Alimenta la microbiota
Más fibra —frutas, verduras, legumbres, cereales integrales— y alimentos fermentados —yogur con cultivos vivos, kéfir, chucrut— son las intervenciones dietéticas con mayor evidencia para mantener una microbiota saludable y, con ella, un sistema inmune equilibrado.
Corrige los déficits nutricionales clave
Vitamina D, zinc y hierro son los más frecuentes y los de mayor impacto en la función inmune. Una analítica básica permite saber si hay déficit antes de suplementarse.
Gestiona el estrés
Diez minutos diarios de respiración consciente, paseo por la naturaleza o cualquier actividad que reduzca el cortisol tienen efectos medibles sobre los marcadores de inflamación. No es opcional para la inmunidad: es parte del mantenimiento básico.
 
Tu lista de acción — guárdala en el móvil
•       Prioriza el sueño: misma hora cinco noches seguidas, siete horas mínimo.
•       30 minutos de actividad aeróbica tres veces esta semana. Caminar a paso rápido vale.
•       Añade un alimento fermentado a tu dieta: yogur natural, kéfir o chucrut.
•       Revisa si comes legumbres tres veces por semana y verduras en dos comidas diarias.

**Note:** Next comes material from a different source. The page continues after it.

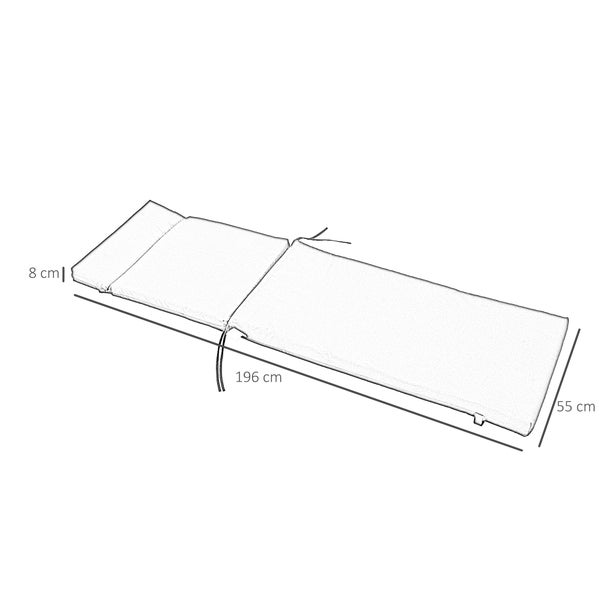 Outsunny Liegenauflage, 196L x 55B x 8H cm, Polyester, PP-Füllung, grau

•       Incorpora diez minutos de respiración consciente o paseo sin móvil.
•       Plantéate una analítica si llevas más de un año sin hacerla: incluye vitamina D, zinc y hierro.
•       Reduce el alcohol a no más de dos ocasiones semanales, con días sin ninguna unidad.
 
El sistema inmune es la suma acumulada de cómo has dormido, movido, comido y gestionado el estrés en las últimas semanas. Cada cambio en la dirección correcta cuenta. Y se nota antes de lo que imaginas.